DATA section start
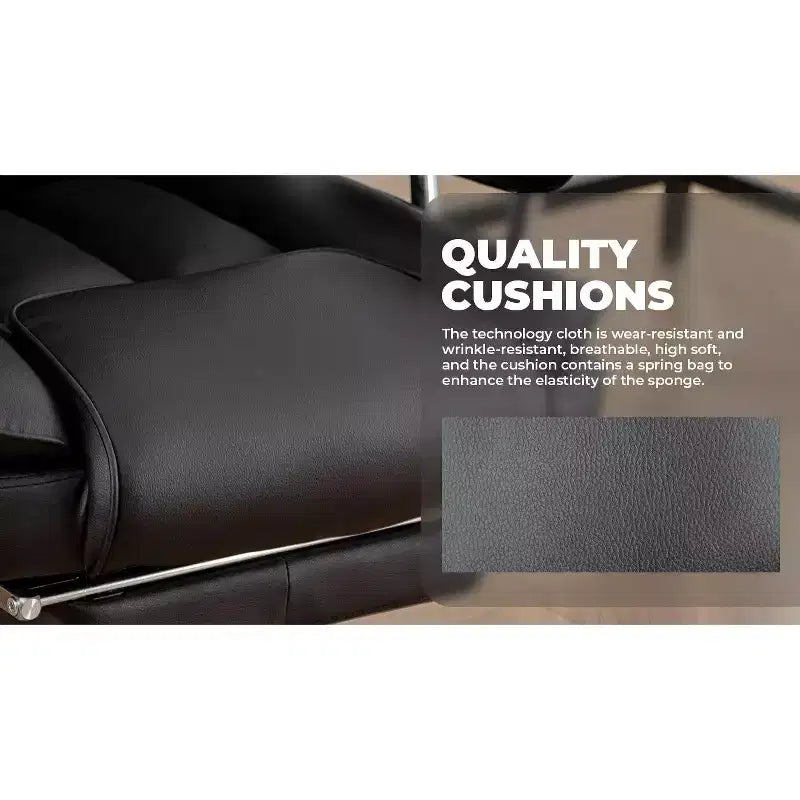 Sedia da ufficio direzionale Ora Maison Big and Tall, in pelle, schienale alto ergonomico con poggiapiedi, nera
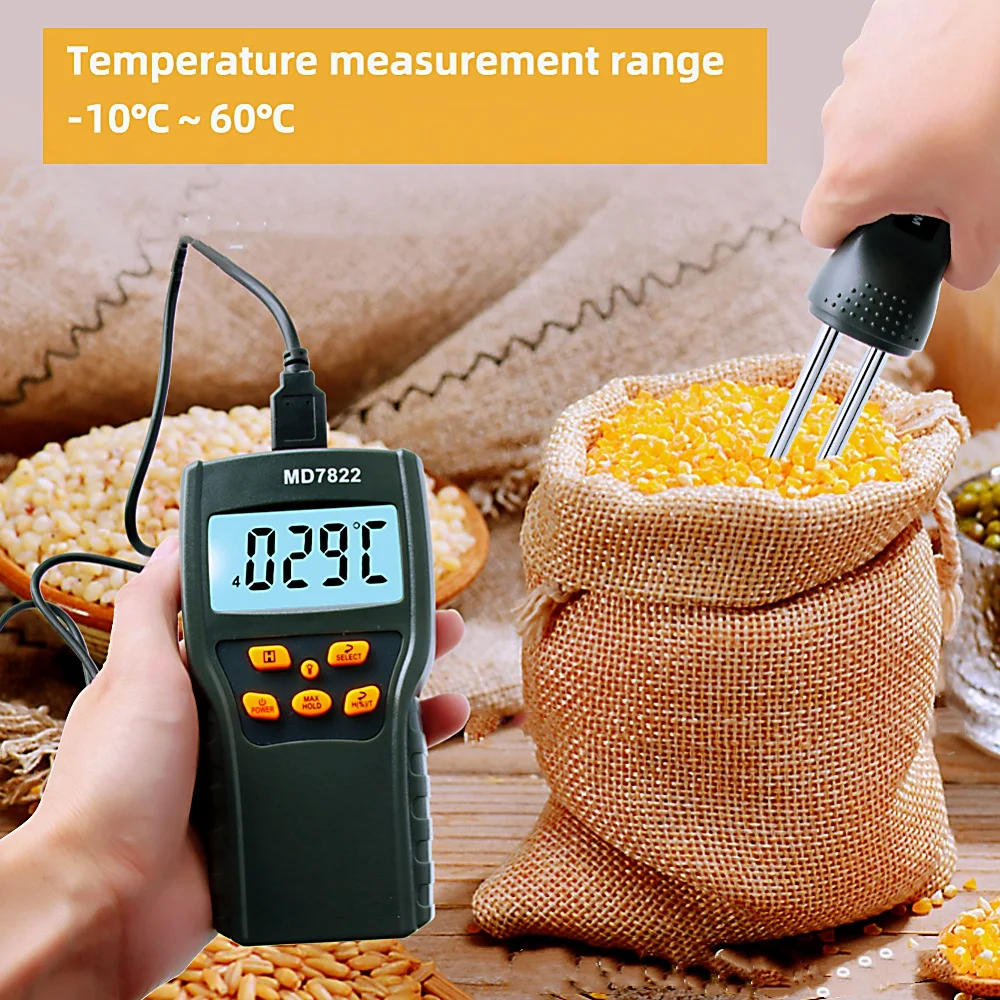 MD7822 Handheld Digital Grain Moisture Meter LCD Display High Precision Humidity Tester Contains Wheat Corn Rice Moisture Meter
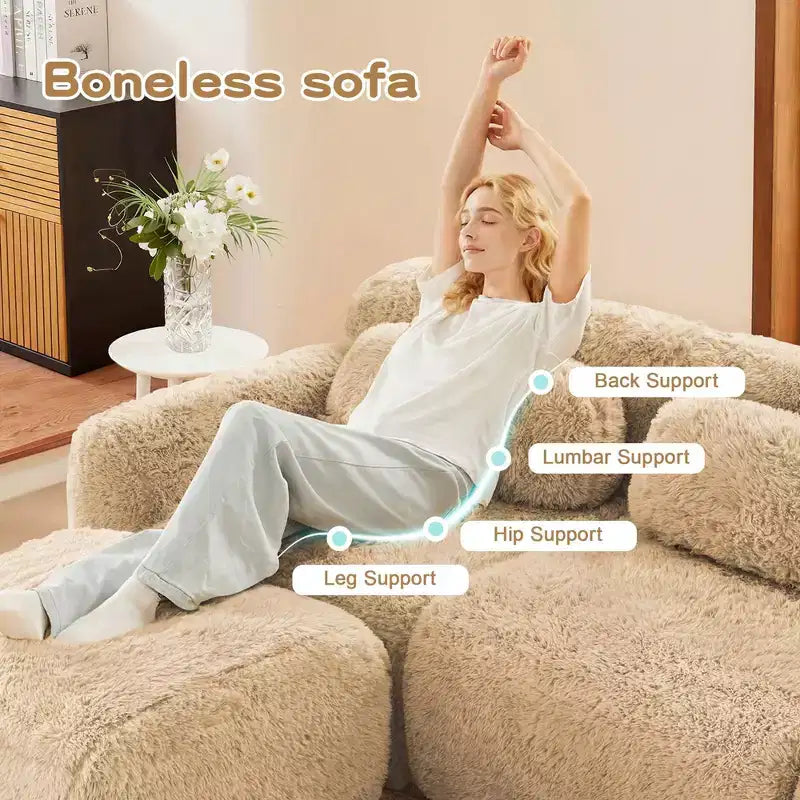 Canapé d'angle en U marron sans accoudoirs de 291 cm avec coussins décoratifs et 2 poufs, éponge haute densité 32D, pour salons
DATA section end
-- EXERCISE REQUIREMENTS --
Would you copy all the material exactly, dropping the pictures?

-- SOLVED PROBLEM --
 Sedia da ufficio direzionale Ora Maison Big and Tall, in pelle, schienale alto ergonomico con poggiapiedi, nera
 MD7822 Handheld Digital Grain Moisture Meter LCD Display High Precision Humidity Tester Contains Wheat Corn Rice Moisture Meter
 Canapé d'angle en U marron sans accoudoirs de 291 cm avec coussins décoratifs et 2 poufs, éponge haute densité 32D, pour salons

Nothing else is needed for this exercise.